## Problem details
Reproduce all the entries exactly and keep the pictures out.

## Data in this exercise

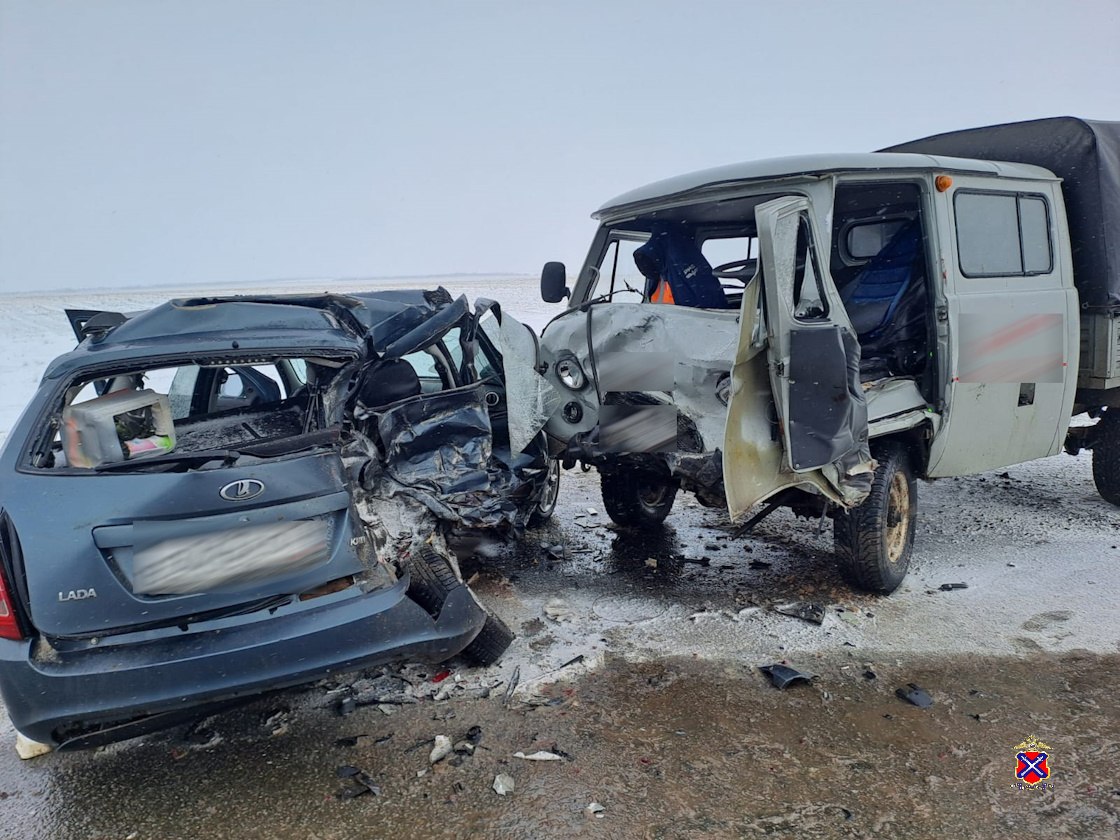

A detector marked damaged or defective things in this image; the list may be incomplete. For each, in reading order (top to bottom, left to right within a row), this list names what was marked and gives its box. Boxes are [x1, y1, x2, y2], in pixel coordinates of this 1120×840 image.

wrecked car [0, 288, 557, 748]
detached van door [725, 197, 873, 519]
torn car door [725, 197, 873, 519]
wrecked car [537, 117, 1115, 600]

## Written solution
A detector marked damaged or defective things in this image; the list may be incomplete. For each, in reading order (top to bottom, left to right within a row), this list names what was marked and gives its box. Boxes are [x1, y1, x2, y2], in pixel coordinates of this 1120×840 image.

wrecked car [0, 288, 557, 748]
detached van door [725, 197, 873, 519]
torn car door [725, 197, 873, 519]
wrecked car [537, 117, 1115, 600]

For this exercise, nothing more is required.